After discussing different ways to identify and exploit web cache poisoning vulnerabilities, let's look at tools we can use to help us in this process. Afterward, we will discuss ways we can protect ourselves from web cache poisoning vulnerabilities.

Tools of the Trade

One of the most important tasks when searching for web cache poisoning vulnerabilities is identifying which parameters of a request are keyed and which are unkeyed. We can use the Web-Cache-Vulnerability-Scanner (WCVS) to help us identify web cache poisoning vulnerabilities. The tool can be downloaded from its GitHub release page. Afterward, we need to unpack it and run the binary:

tar xzf web-cache-vulnerability-scanner_1.1.0_linux_amd64.tar.gz
./wcvs -h

WCVS comes with a header and parameter wordlist which it uses to find parameters that are keyed/unkeyed. The tool also automatically adds a cache buster to each request, so we don't have to worry about accidentally poisoning other users' responses. We can run a simple scan of a web application by specifying the URL in the -u parameter. Since the web application redirects us and sets the GET parameter language=en, we also have to specify this GET parameter with the -sp flag. Lastly, we can tell WCVS to generate a report with the -gr flag:

./wcvs -u http://simple.wcp.htb/ -sp language=en -gr

WCVS can identify web cache poisoning with the query parameter ref. If we look in the JSON report that WCVS generated, we can see the proof of concept request:

{
    "technique": "Parameters",
    "hasError": false,
    "errorMessages": null,
    "isVulnerable": true,
    "requests": [
        {
            "reason": "Response Body contained 793369015723",
            "request": "GET /?language=en&ref=793369015723&cb=829054467467 HTTP/1.1\r\nHost: simple.wcp.htb\r\nUser-Agent: WebCacheVulnerabilityScanner v1.1.0\r\nAccept-Encoding: gzip\r\n\r\n",
            "response": ""
        }
    ]
}

The tool can also help us identify more advanced web cache poisoning vulnerabilities that require the exploitation of fat GET requests or parameter cloaking:

./wcvs -u http://fatget.wcp.htb/ -sp language=en -gr

This scan will identify web cache poisoning vulnerabilities via HTTP headers and fat GET cache poisoning. The tool can be installed using go:

go install github.com/Hackmanit/Web-Cache-Vulnerability-Scanner/v2@latest
./go/bin/Web-Cache-Vulnerability-Scanner -u http://STMIP:STMPO/ -sp language=en -gr

Web Cache Poisoning Prevention

Due to their complex nature, preventing web cache poisoning vulnerabilities is no easy task. In some settings, the backend developers might be unaware that there is a web cache in front of the web server in the actual deployment setting. Furthermore, the administrators configuring the web cache and the cache key might be different people than the backend developers. This can introduce hidden unkeyed parameters that the web application uses to alter the response, leading to potential web cache poisoning vectors.

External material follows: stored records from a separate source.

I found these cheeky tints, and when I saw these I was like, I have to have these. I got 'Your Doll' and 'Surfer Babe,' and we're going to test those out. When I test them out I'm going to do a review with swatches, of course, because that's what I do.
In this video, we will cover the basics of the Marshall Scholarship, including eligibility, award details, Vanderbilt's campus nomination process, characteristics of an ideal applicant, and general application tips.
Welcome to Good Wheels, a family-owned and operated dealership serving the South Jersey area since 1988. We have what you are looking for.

Configuring the web cache properly depends highly on the web server and web application it is combined with. Thus, we need to ensure the following things:

• Do not use the default web cache configuration. Configure the web cache properly according to your web application's needs.

• Ensure that the web server does not support fat GET requests.

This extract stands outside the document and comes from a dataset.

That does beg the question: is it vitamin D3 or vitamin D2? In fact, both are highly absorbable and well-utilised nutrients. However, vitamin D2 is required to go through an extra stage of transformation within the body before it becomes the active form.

• Ensure that every request parameter that influences the response in any way is keyed.

• Keep the web cache and web server up to date to prevent bugs and other vulnerabilities which can potentially result in discrepancies in request parsing leading to parameter cloaking.

• Ensure that all client-side vulnerabilities such as XSS are patched even if they are not exploitable in a classical sense (for instance via reflected XSS). This may be the case if a custom header is required. Web cache poisoning can make these vulnerabilities exploitable, so it is important to patch them.

Furthermore, administrators should assess if caching is required. Of course, web caches are important for many circumstances, however, there might be others where it is not required and only increases deployment complexity. Another less drastic approach might be limiting caching to only static resources such as stylesheets and scripts. This eliminates web cache poisoning entirely. Though it can create new issues if an attacker can trick the web cache into caching a resource that is not actually static.